Court Opinion

ID: 9853840
Source: CourtListenerOpinion
Date Created: 2023-09-24 05:56:07.536341+00
Date Added: 2024-06-11T09:20:10.119094
License: Public Domain

STILWELL, Judge
(concurring in part, dissenting in part):
Although I agree completely with the analysis in Parts II, III.A, III.B, V, and VI of the majority opinion, I disagree with Parts III.C and IV and do not believe there was evidence from which the jury could have inferred Prescott was anything but an at-will employee. I believe this case is controlled by the rule stated in Orsini v. Trojan Steel Corp., 219 S.C. 272, 64 S.E.2d 878 (1951).
In Orsini, Orsini left one job in Atlanta for a similar position in Columbia based in part, Orsini testified, on the promise of “a lifetime job.” Orsini testified that, approximately two weeks after beginning his new job, he borrowed a pickup truck from his employer for the purpose of driving to Savannah, Georgia, on some personal business. Orsini’s new employer’s manager testified Orsini had borrowed the truck to find a place to live in Columbia and was to report for work and return the truck Saturday morning. Upon Orsini’s return from Savannah Monday morning, the manager informed him that he was letting him go. The jury returned a verdict for Orsini for $2,250 on his breach of contract claim.
The supreme court reversed the jury verdict. It held as a matter of law that Orsini’s at-will employment status had not been altered by the promise, stating,
The general rule is that under ordinary circumstances a contract to furnish employment permanently, or so long as the employee’s services shall be properly performed, or for a similar indefinite period, is no more than an indefinite hiring, terminable at the will of either party, and is therefore unenforceable as to its duration.
Id. at 276, 64 S.E.2d at 879 (emphasis added). In the present case, the promise testified to by Prescott, that he would have continued employment “as long as [he] did [his] job [and] kept [his] nose clean,” cannot be meaningfully distinguished from the promise contemplated by the rule handed down in Orsini, that at-will employment is not altered by promises of continued employment “so long as the employee’s services shall be properly performed.”
*398The majority nevertheless holds that “[e]ven if pursuant to an Orsini ‘durational’ analysis Prescott was an employee at will, this does not end the inquiry, as an employer may otherwise alter at-will status.” The majority further holds that a jury could reasonably find that the promise altered Prescott’s at-will status by finding he was promised he would be terminated only for cause. I disagree and believe that was the very issue that Orsini decided against the employee as a matter of law.1
I also disagree with the majority’s assertion that Small I and Small II have any application to the facts of the present case. Although those cases provide an example of how an employer can alter an employee’s at-will employment status with promises of a non-durational nature, here, the only promise Prescott claims his employer made was a durational one. In contrast to the present case, in the Small cases, there was evidence that the employer had issued and distributed an employee handbook that provided for a four-step procedure for firing employees, that the company later issued a bulletin to all employees setting forth in full the termination procedure, and that the company orally assured Small that the procedure would be followed. These cases, in my view, simply have no bearing on the issue of whether Prescott’s employer’s alleged promise that Prescott would be employed “as long as [he] did [his] job [and] kept [his] nose clean,” could alter his at-will status.
Because I find this case is controlled by the law as stated in Orsini and because I agree with the analysis in the balance of the majority’s opinion, I would affirm the trial court’s grant of summary judgment on all claims.
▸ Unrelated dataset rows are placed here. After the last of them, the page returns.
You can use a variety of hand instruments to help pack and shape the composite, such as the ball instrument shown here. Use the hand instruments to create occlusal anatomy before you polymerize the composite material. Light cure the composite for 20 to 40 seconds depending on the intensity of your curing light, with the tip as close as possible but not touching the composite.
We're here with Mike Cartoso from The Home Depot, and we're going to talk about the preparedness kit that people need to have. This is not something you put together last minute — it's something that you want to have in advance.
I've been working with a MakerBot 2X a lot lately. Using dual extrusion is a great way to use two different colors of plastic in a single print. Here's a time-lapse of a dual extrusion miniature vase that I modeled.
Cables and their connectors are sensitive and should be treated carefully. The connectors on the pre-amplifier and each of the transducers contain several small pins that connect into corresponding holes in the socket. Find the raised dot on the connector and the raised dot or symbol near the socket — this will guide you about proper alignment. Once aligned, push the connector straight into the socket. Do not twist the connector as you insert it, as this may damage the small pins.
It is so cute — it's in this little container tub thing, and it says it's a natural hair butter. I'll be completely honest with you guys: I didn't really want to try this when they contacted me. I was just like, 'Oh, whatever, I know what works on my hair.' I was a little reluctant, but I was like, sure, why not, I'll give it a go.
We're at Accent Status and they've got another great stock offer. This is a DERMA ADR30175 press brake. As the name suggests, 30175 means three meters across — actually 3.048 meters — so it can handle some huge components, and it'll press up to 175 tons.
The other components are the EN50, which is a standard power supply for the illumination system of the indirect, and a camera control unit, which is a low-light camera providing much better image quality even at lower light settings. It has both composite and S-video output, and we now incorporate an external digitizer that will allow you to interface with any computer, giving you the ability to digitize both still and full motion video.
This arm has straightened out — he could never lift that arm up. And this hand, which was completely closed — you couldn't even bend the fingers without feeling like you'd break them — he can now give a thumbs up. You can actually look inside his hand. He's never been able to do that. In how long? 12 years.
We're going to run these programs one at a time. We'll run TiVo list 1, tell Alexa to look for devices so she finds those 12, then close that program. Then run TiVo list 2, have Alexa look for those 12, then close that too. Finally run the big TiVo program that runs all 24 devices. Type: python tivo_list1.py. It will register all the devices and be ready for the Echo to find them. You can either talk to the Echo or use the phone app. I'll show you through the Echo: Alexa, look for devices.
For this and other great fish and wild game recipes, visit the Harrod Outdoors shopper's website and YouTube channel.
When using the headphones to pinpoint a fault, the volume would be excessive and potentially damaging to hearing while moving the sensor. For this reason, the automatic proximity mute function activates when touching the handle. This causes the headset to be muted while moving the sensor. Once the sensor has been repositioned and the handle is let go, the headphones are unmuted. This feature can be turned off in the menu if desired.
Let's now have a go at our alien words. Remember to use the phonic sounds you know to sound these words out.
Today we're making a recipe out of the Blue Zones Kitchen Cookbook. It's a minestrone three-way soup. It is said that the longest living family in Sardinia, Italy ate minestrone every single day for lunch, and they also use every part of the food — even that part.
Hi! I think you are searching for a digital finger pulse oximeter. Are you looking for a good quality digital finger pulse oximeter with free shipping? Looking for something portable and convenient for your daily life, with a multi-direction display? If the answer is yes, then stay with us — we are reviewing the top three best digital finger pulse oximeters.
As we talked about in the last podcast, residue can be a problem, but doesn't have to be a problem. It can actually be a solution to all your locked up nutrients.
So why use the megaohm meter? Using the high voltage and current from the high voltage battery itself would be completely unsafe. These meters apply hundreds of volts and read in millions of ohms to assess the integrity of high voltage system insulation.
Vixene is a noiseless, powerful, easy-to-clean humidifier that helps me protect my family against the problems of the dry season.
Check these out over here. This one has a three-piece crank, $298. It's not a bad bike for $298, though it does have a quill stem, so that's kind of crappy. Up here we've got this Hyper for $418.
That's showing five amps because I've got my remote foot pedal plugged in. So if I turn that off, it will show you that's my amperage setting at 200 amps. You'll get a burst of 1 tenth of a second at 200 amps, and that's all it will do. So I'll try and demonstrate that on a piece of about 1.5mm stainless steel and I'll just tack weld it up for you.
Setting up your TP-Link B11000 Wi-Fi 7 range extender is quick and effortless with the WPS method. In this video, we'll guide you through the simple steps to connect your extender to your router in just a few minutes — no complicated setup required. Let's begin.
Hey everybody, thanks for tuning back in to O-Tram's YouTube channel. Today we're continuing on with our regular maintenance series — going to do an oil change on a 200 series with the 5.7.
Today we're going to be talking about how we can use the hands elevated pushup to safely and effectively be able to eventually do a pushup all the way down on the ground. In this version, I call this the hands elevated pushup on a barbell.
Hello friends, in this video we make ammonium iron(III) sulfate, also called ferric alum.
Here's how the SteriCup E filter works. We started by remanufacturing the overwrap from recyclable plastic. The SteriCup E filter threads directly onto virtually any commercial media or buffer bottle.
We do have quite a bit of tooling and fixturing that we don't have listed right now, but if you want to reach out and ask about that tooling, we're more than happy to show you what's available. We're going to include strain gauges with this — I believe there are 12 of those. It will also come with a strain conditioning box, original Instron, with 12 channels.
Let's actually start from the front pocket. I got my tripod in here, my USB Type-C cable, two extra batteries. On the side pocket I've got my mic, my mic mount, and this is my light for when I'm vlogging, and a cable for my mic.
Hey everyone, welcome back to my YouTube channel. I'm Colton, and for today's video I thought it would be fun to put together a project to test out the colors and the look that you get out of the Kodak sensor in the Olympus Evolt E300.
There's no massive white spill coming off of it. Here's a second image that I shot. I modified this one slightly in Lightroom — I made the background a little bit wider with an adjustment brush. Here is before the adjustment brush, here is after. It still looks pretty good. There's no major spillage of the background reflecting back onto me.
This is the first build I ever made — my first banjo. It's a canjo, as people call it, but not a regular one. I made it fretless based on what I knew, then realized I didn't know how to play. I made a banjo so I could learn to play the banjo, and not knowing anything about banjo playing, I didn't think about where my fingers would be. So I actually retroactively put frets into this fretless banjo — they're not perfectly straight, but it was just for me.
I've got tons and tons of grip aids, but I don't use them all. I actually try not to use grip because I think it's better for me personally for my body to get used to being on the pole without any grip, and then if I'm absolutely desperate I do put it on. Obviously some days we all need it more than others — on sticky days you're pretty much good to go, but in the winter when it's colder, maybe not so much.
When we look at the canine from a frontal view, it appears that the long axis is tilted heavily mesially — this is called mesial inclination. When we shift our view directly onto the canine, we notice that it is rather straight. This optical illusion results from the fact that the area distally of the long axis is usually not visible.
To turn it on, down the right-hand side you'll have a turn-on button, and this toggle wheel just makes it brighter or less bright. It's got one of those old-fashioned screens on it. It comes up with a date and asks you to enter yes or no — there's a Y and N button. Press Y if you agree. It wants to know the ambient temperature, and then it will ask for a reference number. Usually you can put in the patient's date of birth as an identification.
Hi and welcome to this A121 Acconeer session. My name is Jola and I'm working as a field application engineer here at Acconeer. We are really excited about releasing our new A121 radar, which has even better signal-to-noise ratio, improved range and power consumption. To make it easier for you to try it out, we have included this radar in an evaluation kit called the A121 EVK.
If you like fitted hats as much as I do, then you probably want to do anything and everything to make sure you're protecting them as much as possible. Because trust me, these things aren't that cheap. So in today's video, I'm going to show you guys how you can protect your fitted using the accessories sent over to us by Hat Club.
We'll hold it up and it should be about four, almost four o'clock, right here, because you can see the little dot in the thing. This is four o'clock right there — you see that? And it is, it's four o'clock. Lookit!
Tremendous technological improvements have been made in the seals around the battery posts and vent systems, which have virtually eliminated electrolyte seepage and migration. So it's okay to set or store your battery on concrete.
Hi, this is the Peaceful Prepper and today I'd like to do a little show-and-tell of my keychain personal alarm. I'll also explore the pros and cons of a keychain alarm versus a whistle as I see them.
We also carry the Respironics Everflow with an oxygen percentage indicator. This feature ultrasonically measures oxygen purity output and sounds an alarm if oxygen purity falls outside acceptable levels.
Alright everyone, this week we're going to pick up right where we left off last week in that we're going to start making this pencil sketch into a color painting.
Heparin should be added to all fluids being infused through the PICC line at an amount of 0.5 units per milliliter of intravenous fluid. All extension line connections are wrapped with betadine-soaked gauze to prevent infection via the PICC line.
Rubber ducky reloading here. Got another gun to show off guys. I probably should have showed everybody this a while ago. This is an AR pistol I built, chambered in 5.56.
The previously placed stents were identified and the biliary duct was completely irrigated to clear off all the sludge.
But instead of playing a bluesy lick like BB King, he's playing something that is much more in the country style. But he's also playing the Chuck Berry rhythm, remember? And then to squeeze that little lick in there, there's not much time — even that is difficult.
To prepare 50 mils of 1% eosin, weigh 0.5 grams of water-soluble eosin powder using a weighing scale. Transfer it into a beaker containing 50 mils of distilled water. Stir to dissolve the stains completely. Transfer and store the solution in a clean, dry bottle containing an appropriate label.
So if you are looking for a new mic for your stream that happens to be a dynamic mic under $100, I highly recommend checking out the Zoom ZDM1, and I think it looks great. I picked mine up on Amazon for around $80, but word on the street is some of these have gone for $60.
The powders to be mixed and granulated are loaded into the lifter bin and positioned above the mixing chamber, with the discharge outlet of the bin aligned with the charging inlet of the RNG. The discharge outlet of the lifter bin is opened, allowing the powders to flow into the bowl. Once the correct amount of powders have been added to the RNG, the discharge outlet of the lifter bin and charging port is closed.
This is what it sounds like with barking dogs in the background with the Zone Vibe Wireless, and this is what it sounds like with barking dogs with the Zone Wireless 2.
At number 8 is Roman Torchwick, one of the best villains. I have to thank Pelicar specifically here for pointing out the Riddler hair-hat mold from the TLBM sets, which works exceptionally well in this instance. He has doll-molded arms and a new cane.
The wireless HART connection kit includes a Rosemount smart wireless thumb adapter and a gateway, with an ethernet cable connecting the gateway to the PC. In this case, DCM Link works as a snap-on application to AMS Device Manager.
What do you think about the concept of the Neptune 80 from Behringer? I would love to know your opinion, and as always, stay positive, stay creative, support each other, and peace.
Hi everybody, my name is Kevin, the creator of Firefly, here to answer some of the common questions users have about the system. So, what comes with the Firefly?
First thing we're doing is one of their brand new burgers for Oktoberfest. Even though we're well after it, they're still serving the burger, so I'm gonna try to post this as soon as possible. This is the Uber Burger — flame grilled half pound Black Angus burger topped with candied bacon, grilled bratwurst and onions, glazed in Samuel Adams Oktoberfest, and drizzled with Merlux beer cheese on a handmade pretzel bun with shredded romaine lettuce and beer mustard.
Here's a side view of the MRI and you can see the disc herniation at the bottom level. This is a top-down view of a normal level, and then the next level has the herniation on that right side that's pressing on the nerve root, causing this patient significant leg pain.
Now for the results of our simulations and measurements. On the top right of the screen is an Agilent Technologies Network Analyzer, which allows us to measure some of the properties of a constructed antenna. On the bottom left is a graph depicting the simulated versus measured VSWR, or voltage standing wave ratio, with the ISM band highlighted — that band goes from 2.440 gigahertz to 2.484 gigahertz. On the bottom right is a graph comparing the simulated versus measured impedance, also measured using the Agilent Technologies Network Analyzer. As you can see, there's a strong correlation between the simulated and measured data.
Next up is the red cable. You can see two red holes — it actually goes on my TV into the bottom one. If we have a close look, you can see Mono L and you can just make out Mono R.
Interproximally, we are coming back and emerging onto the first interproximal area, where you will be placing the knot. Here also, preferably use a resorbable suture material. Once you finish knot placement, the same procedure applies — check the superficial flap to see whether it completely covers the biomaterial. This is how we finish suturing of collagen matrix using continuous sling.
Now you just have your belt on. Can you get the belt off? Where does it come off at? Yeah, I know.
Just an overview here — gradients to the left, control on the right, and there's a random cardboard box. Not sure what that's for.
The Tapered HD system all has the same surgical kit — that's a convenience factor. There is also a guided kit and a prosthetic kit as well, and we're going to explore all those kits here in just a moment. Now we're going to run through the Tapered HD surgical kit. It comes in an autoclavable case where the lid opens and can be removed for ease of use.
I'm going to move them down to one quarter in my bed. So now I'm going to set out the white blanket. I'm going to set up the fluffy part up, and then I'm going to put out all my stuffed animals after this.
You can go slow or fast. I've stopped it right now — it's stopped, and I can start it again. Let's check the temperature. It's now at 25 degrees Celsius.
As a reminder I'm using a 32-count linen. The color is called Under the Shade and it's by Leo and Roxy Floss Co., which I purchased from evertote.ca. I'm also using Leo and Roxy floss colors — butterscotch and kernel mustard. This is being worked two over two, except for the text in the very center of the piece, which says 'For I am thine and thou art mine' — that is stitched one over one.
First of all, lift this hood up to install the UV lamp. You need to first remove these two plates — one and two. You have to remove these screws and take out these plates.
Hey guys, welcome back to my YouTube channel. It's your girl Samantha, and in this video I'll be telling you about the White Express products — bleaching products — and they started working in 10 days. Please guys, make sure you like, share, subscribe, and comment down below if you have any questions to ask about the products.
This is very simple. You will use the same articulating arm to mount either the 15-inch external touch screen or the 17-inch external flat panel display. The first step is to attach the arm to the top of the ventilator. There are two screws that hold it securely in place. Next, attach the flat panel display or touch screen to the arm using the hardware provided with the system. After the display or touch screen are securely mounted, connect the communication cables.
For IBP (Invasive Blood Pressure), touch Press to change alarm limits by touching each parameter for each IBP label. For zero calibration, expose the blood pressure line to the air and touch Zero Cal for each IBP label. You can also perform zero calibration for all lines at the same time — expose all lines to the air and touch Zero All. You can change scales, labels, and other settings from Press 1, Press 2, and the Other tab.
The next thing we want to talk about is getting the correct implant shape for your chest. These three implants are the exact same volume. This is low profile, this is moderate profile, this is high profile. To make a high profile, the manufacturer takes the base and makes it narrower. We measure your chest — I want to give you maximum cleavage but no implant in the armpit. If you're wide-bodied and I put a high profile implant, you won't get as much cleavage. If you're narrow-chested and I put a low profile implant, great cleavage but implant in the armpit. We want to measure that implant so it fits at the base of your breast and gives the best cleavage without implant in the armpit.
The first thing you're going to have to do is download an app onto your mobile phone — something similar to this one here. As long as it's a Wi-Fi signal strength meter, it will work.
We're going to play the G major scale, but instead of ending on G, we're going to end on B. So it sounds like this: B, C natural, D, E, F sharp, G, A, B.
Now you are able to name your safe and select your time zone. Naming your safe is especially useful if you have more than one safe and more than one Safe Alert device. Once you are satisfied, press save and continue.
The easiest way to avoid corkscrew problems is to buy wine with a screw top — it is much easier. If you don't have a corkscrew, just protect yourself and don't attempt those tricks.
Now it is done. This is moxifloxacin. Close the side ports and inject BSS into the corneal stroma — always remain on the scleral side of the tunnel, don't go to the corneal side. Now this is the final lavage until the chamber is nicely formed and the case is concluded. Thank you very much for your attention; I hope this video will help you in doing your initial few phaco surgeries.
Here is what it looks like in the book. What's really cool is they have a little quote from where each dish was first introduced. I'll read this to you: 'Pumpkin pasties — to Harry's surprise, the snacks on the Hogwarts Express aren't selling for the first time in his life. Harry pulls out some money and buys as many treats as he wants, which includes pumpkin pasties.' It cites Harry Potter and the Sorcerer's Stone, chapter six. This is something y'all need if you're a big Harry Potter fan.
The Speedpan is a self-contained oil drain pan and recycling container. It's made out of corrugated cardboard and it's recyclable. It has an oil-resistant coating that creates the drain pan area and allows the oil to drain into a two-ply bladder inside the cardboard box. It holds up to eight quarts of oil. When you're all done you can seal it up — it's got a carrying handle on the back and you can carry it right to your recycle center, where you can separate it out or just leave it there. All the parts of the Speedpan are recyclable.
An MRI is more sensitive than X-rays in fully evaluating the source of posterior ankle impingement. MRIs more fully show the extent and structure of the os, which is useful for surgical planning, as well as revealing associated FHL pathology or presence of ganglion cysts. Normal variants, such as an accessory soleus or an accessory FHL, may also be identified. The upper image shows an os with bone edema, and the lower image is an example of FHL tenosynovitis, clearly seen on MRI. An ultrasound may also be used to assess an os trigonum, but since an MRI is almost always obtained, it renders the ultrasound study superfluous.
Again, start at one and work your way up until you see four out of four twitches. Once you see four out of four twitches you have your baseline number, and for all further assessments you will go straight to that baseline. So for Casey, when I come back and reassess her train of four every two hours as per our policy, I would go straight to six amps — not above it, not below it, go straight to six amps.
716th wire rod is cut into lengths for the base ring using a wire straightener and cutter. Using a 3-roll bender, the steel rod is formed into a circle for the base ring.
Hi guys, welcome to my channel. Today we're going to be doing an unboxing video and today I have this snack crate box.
. The issue in Orsini was not whether Orsini was entitled to permanent employment regardless of whether he performed capably. Rather, the issue was whether the employer's promise of lifetime employment precluded the employer from firing Orsini without just cause. Therefore, I believe Orsini clearly stands for the proposition that a durational promise such as the one allegedly made in this case does not alter an employee's at-will status.